About six or seven years ago I found myself at a point in my life where I was either going to be alright with being single or I was going to focus on what it really meant to be a wife. To that end, I wrote down a list of the attributes that I would like to see in a husband. I gave my mother and father a copy, and they committed to pray. Here is the list:
A heart and mind to do the Will of God
Integrity
Provider
Leader
Loves Jesus and puts Him first and above all else
Is not ashamed of sharing the Gospel
Is in tune with how I feel
Can communicate
Adores me
Has his life basically together
A close and intimate relationship with Jesus
A presence
Supporter
Matthew 6:33-34
First Samuel 1:9-11
On December 3, 2002, God brought me to you. June 26, 2004, we were wed and what a blessed day that was! Lovie, you have exceeded my desires for a husband. I praise God for you every day. I some times feel that I don’t deserve you. When I am at my worst…you love me. When I seem to loose my way…you gently guide me back to reality. You lead our family under the covering of God. I just love the way that you love me. You are an answer to prayer… I sometimes find myself waiting impatiently for you to return home, just so that I can see you or hear your voice.
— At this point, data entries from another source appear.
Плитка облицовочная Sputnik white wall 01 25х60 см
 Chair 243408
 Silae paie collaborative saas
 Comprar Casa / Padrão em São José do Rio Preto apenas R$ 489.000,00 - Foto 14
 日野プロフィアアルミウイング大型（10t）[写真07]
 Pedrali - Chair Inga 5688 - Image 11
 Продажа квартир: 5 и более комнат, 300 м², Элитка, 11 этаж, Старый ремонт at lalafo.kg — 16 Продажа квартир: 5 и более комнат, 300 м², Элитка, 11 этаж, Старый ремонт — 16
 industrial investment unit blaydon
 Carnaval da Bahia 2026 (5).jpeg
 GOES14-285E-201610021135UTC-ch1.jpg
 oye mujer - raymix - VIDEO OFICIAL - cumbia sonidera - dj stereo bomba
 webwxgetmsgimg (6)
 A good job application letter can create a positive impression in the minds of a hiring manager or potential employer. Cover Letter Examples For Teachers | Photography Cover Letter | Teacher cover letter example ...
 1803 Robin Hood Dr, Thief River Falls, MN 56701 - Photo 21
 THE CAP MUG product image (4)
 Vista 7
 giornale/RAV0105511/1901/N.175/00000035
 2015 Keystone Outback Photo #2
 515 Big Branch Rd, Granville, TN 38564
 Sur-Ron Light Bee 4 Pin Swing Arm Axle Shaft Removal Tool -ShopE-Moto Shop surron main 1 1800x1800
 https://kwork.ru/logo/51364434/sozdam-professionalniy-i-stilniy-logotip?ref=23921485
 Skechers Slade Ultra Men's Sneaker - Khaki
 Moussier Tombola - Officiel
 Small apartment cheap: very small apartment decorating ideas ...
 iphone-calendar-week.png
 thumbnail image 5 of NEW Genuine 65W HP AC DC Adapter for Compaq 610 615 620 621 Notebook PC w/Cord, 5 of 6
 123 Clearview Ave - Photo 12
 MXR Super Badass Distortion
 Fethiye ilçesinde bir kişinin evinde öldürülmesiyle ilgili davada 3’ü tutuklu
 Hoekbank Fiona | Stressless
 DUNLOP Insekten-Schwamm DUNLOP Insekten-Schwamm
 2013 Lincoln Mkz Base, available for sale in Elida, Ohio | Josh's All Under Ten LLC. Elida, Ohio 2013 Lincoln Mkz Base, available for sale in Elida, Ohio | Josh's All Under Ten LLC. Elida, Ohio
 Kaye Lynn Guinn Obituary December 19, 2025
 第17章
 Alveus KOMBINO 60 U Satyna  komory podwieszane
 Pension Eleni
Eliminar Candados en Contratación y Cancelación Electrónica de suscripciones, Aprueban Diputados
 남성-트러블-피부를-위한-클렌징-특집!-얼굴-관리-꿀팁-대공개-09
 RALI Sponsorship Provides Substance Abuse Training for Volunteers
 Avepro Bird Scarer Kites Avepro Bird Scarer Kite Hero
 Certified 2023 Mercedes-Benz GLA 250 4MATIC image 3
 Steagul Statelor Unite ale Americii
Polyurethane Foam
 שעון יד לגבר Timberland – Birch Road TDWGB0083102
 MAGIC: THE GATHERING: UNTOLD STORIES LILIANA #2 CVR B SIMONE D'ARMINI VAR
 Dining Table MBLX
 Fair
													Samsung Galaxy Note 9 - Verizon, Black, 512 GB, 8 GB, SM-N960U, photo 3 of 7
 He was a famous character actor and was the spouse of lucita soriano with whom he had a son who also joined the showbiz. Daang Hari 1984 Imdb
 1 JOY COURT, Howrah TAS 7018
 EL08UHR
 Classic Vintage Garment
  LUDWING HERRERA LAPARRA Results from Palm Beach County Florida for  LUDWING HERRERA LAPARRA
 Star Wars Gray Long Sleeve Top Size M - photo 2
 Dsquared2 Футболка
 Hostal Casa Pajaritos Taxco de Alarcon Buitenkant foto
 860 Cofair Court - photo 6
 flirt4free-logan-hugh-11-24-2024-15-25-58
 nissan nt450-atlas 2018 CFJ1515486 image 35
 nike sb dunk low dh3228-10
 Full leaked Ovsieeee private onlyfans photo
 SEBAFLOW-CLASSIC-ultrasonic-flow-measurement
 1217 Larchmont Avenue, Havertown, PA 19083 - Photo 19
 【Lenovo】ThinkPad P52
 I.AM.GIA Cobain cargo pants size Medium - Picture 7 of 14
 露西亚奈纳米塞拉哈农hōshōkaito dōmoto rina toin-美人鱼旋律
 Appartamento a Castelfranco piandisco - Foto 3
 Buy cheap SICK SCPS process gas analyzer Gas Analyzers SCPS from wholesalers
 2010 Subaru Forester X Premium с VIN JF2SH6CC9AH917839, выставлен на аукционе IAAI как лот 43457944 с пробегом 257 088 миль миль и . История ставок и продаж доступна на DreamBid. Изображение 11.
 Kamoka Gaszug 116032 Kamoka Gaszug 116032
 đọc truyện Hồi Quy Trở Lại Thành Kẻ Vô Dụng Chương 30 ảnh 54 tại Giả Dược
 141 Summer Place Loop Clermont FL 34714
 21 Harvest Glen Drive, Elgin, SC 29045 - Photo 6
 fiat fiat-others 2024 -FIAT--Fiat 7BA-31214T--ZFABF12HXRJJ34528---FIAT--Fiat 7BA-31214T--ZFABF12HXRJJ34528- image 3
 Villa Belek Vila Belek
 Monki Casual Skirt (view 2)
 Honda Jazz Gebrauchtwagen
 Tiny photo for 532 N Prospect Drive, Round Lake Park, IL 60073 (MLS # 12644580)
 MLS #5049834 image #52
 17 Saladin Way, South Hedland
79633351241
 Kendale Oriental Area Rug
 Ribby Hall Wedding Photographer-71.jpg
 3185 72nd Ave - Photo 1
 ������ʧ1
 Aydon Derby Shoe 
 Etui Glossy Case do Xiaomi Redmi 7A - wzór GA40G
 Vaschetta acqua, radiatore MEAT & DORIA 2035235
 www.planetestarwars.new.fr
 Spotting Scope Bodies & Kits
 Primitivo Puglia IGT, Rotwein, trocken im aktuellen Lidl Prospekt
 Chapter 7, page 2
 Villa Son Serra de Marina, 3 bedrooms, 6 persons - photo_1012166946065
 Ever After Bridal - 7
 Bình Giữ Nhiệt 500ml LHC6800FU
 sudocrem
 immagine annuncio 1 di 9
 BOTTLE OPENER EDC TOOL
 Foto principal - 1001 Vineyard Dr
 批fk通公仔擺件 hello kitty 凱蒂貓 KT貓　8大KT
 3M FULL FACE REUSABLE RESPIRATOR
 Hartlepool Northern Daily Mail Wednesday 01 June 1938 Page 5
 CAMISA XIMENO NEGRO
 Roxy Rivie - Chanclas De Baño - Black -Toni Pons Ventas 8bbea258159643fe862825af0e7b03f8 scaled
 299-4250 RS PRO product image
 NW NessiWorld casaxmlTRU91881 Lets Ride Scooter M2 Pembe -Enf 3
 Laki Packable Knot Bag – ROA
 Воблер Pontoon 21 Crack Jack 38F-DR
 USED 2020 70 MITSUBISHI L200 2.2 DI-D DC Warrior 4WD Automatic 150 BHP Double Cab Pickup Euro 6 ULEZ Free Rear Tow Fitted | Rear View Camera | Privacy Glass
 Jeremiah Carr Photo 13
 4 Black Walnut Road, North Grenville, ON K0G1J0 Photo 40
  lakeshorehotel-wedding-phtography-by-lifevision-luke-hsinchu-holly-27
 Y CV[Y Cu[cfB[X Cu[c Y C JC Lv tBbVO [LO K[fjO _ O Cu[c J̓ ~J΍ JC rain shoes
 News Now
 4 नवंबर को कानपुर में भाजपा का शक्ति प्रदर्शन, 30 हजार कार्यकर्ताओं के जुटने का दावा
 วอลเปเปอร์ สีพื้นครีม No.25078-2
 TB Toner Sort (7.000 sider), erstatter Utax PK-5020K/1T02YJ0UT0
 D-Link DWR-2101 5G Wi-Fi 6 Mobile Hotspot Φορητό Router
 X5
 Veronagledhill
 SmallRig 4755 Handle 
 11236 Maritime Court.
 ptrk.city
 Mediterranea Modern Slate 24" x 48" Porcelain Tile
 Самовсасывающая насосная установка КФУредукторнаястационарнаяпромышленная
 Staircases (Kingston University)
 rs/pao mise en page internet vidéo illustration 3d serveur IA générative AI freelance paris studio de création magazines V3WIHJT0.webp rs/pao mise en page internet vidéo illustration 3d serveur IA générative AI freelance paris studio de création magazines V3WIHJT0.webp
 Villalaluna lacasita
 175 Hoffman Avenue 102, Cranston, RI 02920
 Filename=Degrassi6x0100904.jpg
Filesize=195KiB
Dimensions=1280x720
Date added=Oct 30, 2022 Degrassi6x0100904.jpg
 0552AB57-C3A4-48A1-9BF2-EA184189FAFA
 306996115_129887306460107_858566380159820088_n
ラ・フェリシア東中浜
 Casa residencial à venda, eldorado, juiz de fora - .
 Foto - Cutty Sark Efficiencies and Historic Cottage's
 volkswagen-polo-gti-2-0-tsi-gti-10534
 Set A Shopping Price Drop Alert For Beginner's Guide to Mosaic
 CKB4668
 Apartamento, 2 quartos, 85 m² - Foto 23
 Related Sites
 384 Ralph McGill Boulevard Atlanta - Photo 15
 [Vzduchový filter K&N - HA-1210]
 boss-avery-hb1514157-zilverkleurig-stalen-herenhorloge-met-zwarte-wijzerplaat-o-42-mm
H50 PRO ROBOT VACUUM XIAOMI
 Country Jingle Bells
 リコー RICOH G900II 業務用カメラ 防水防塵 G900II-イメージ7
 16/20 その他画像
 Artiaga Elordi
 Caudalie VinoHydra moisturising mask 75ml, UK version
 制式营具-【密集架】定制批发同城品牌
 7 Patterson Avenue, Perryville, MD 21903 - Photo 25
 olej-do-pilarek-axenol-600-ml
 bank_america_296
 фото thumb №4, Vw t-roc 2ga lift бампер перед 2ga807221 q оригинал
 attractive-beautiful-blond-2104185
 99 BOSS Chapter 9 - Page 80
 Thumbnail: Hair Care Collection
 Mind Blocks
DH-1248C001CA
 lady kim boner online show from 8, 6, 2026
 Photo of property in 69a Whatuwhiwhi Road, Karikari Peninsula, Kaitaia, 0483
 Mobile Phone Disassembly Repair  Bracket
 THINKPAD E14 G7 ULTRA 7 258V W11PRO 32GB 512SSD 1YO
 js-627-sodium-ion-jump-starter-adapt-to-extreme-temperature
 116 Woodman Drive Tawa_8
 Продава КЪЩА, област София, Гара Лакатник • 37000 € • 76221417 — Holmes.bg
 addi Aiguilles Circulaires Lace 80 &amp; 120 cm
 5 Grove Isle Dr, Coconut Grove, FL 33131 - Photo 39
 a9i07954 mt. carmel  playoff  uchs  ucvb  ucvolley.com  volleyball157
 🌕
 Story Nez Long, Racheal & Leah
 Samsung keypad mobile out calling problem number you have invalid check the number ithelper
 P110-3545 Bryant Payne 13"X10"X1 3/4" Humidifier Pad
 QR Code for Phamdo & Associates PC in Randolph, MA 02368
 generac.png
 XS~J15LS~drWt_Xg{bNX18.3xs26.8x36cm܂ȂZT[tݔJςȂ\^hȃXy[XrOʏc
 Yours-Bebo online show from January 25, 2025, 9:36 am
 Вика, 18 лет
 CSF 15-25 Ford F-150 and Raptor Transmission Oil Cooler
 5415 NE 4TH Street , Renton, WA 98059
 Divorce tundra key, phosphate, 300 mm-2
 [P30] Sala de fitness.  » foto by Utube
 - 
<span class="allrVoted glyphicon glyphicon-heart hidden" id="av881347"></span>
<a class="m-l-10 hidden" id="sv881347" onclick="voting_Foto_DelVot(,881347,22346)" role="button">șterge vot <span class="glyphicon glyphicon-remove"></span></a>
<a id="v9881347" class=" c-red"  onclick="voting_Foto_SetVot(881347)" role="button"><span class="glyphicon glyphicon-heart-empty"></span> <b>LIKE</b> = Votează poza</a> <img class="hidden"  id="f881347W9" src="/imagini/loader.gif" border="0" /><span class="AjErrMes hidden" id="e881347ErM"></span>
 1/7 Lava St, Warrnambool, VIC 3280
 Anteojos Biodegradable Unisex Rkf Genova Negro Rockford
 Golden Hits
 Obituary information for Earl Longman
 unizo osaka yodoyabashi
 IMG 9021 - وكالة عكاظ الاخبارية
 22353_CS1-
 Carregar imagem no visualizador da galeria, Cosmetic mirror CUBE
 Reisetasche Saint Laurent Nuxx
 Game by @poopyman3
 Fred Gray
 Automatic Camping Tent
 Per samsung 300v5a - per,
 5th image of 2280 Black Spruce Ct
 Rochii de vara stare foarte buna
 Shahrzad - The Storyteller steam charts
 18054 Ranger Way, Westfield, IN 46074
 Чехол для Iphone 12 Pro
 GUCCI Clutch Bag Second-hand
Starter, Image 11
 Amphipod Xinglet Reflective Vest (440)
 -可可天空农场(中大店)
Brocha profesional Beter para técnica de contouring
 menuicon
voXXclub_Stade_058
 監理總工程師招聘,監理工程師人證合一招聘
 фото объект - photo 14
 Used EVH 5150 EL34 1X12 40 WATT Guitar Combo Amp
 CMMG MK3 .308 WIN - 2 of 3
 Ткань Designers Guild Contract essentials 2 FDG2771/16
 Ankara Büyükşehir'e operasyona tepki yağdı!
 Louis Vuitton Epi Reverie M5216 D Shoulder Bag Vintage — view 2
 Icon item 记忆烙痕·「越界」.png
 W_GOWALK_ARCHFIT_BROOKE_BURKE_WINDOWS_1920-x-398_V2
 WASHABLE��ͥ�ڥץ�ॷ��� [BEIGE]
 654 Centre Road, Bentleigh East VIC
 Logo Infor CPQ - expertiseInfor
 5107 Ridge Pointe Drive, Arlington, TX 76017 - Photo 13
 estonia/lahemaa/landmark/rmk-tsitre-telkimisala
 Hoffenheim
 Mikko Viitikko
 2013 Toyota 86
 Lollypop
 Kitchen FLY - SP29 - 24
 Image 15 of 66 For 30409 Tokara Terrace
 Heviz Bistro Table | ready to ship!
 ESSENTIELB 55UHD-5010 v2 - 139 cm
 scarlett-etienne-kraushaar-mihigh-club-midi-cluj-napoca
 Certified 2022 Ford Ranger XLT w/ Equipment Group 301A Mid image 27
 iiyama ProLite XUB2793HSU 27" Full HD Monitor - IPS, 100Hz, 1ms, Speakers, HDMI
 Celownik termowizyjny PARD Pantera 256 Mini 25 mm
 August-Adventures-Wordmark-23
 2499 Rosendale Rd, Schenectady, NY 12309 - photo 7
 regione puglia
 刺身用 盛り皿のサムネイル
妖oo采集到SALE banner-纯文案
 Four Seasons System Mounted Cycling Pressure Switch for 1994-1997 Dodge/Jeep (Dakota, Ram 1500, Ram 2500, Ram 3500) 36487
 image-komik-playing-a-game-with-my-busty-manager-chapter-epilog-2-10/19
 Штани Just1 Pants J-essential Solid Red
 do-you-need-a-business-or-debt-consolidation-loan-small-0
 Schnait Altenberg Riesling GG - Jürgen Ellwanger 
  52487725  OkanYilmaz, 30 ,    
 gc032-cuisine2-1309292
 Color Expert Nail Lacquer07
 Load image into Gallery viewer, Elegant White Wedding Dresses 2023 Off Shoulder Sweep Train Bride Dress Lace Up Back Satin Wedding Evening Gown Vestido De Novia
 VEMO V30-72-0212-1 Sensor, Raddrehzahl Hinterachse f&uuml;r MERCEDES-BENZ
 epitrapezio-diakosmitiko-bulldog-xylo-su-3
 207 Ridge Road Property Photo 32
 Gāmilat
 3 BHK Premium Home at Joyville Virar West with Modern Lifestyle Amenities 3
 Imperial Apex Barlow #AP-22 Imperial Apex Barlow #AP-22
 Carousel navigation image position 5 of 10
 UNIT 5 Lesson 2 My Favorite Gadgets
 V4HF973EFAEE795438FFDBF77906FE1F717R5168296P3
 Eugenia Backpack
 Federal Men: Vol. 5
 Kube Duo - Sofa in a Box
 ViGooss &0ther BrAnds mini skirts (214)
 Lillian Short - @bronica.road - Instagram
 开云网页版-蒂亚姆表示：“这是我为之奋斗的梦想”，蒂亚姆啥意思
I love the way you are with Jax. I love even more the way he adores you. Sometimes, when you leave, he’ll get his diaper bag and tell me bye-bye and head for the door and point and say ‘daddy’. It’s hard for me to explain to a 16 month old that he can’t go with you and you’ll be back after his afternoon nap. I can’t wait to see you with Ashlyn.
I’m at a loss for words to properly articulate the way that you make me feel. It could just be the way that you love me…
The Engagement
The Wedding
Happy 4th Anniversary Lovie! I am so happy that God has brought me to you. You are perfect for me…I couldn’t ask for a better husband, partner, or friend. I love you more than my heart can hold…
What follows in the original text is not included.